(Captioned web images)
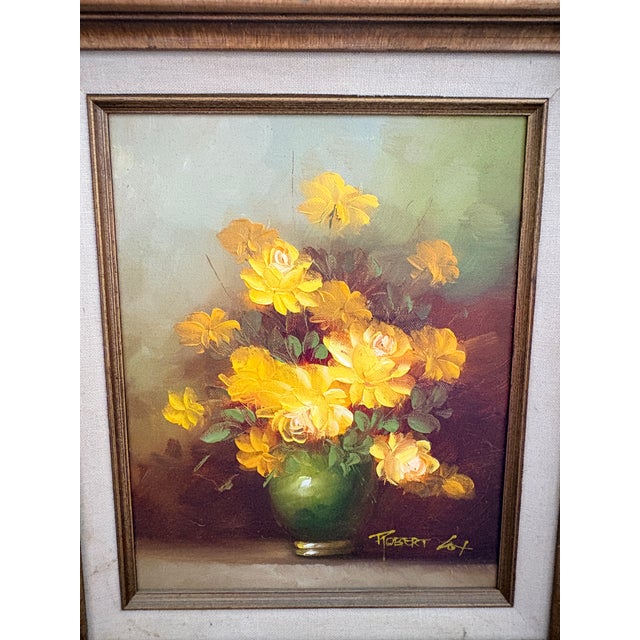 Charming vintage original floral still life painting signed Robert Cox at lower right. A lush arrangement of golden yellow...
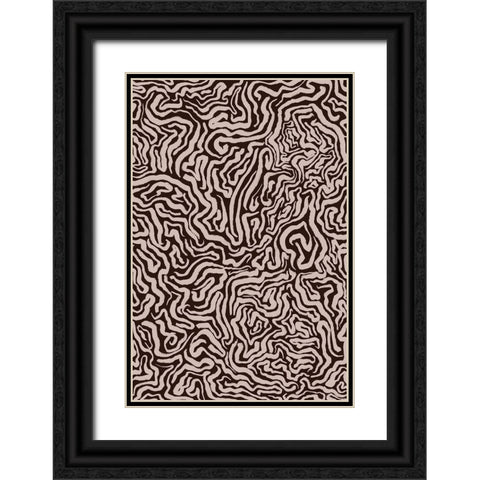 Twisted Beige Strokes Black Ornate Wood Framed Art Print with Double Matting by Treechild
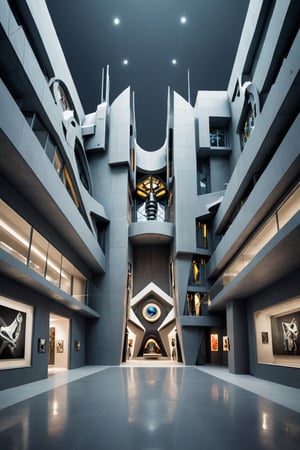Front view of a (futuristic museum:1.4) with (an amazing and captivating abstract architecture:1.4), night time, grey theme. Sharp details. Highest quality, detailed, original photo, trendy, vector art, vintage, award-winning. Wide shot, sharp focus, bright shiny grey small room, many Pablo Picasso artworks hanged on the walls, artint, art_booster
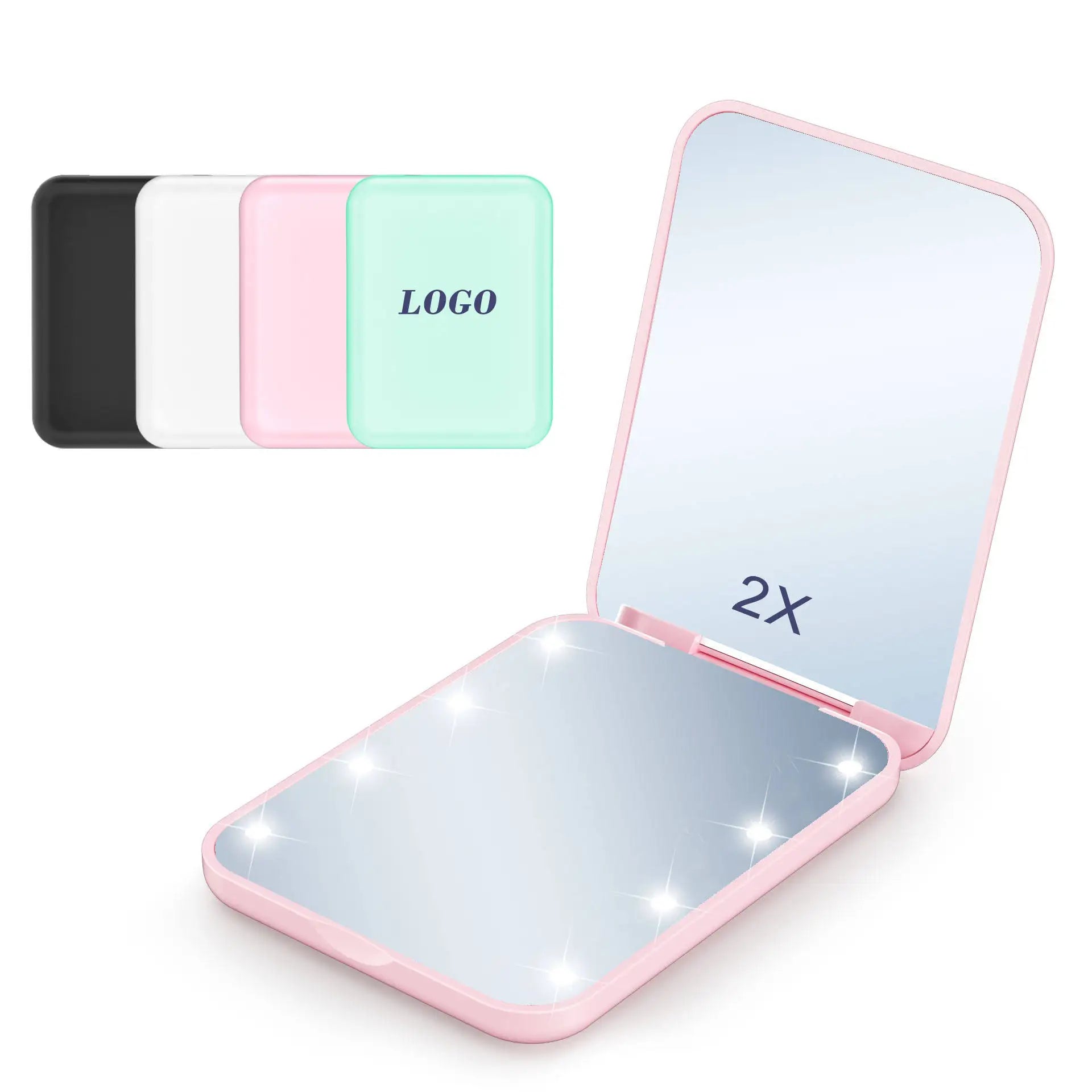 Custom Portable Folding Small Mini LED Light Cosmetic Mirror 1X/2X Magnification Cute Purse Handheld Design for Makeup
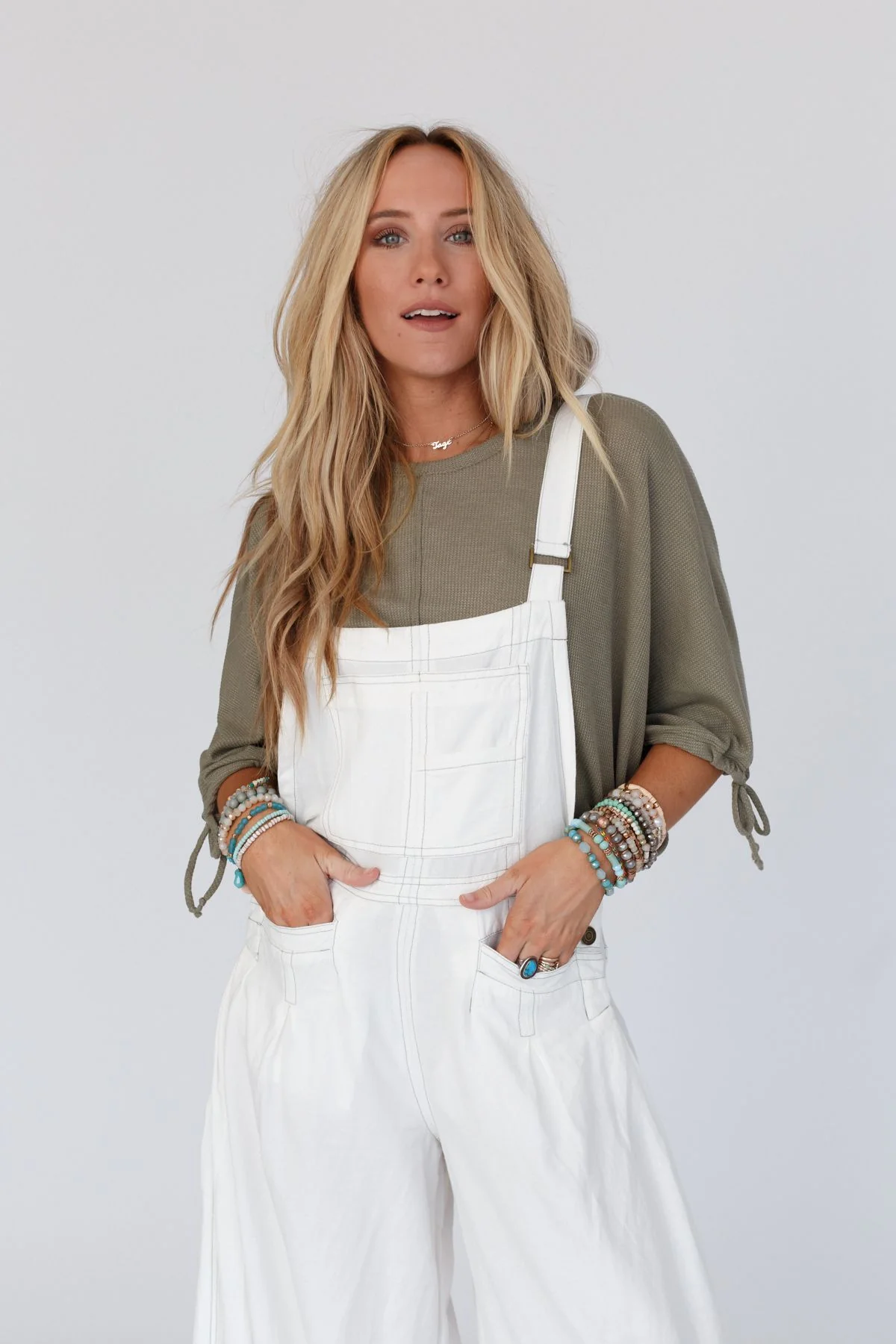 The Nest Little Lark Puff Sleeve Tee - Olive - Image 6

Problem statement →
Copy exactly, leaving out pictures, the lines from the line containing "Custom Portable Folding" through the last line of the records.

Solution for this exercise →
 Custom Portable Folding Small Mini LED Light Cosmetic Mirror 1X/2X Magnification Cute Purse Handheld Design for Makeup
 The Nest Little Lark Puff Sleeve Tee - Olive - Image 6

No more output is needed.